Dress for success isn't just a saying anymore. Scanning your rock band t-shirt might bring up videos of a concert you attended. Embedded NFTs can prove you own a limited run clothing item. A special sweater can shield your identity from facial recognition cameras.
Clothing that can speak to our devices, known as e-textiles, is growing at an exponential rate, according to the latest data.
That doesn’t surprise Ashley Kubley, associate professor of fashion design at the University of Cincinnati’s College of Design, Architecture, Art and Planning (DAAP).
"A lot of this is happening in the classroom as we embed more educational content around digital pattern making, avatar creation, for our students in the fashion area in order to prepare them for an industry where people are going to be fitting their garments based off of a body-scanned avatar," says Kubley.
She points to the good and the bad. On the positive side is more inclusive sizing for people who might have a different body type or a different ability level. Kubley says facial recognition is collecting and remembering a lot of detailed information.
"People are worried about their data security, but they don't really consider how maybe these technologies are taking different kinds of data that could be used against them later with the shape of their faces, the color of their skin, the color of their hair, the color of their eyes, the shape of their bodies," she says.
Facial recognition isn’t just in China
New York’s Attorney General says Madison Square Garden's use of facial recognition may violate human rights laws.
MSG admits to using the technology to identify people it doesn’t want to allow to attend events. That includes lawyers who work for firms suing MSG.
Plans to install a facial recognition entry system for a Brooklyn building prompted an Italian fashion designer to create clothing that confuses facial recognition software.
Cap_able is fooling facial recognition cameras into thinking you are a giraffe, a zebra or a dog. The clothing it makes doesn't go over your face. Instead, you wear colorful designs on your body in the form of sweater material.

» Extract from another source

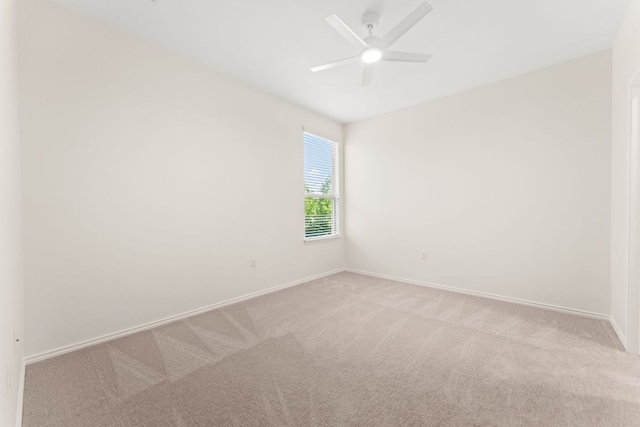 9528 Hunter Ln, Austin, TX 78748 - unfurnished room with light carpet, a ceiling fan, and baseboards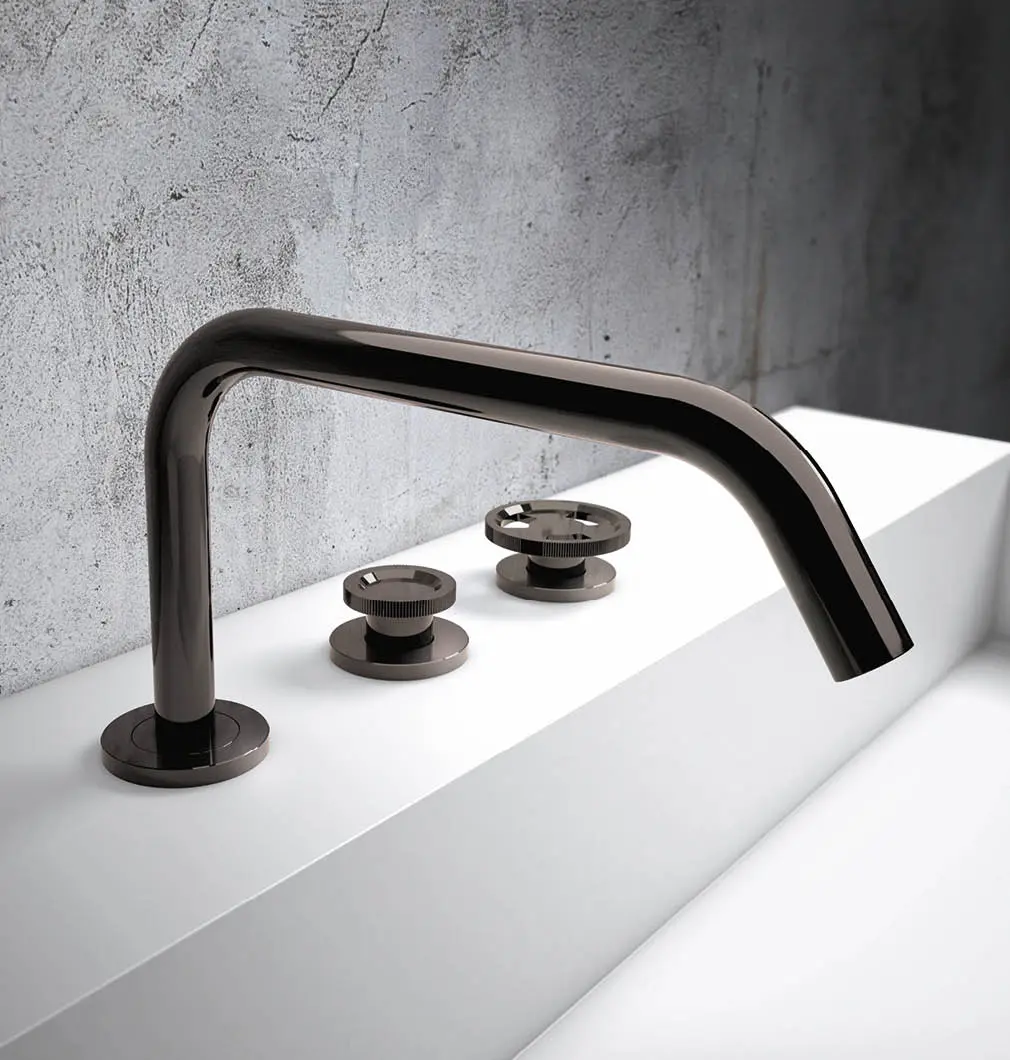 Rubinetto tre fori a top, PVD carbon lucido – TIB12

University of Cincinnati DAAP Associate Professor Emily Flannery is a fashion futurist and explains using patterns can confuse technology.
"It doesn't know which type of face it's viewing," she explains. "It's looking at a blend of a few different images. So the images in the article, they look kind of like a brightly colored botanical scene but also reminiscent of digital camouflage."

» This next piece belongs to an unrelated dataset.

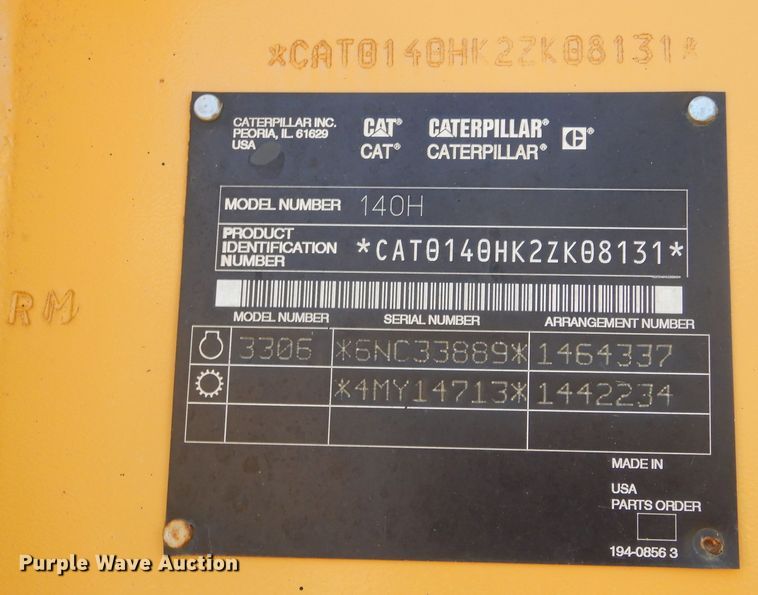 image for item MY9000 2003 Caterpillar 140H  motor grader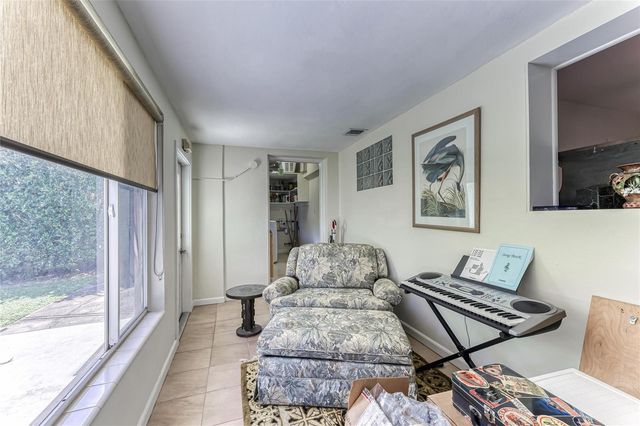 1676 NE 40th Street, Oakland Park, FL 33334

Flannery doesn't know how long this technology can continue to fool facial recognition cameras. She advises trying to create your own design.
"DIY and home examples are of someone taking a garment they already own and then augmenting it with things, maybe a kit that they buy from a third party."

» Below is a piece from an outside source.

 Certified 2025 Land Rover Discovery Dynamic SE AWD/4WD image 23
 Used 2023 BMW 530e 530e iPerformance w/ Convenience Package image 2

UC grad and fashion designer Amanda Howe sees the Cap_able sweaters as a very temporary solution but she likes the "powerful" and "well-designed statement" it's making.
Howe works for the augmented reality startup Sphene which specializes in appending augmented reality holograms into physical clothes.
Howe wants to find ways to help people develop a deeper relationship with their clothes.
"You could get a band t-shirt and you scan the shirt. It plays all the videos from the tour in New York or the one in Tokyo or wherever else in the world that they're performing," she says. "Or on a ski mountain and you scan your jacket, and you see a 3D model of the mountain and all the trails you have completed light up."
The e-textiles and smart clothing market is expected to reach $27 million by 2030.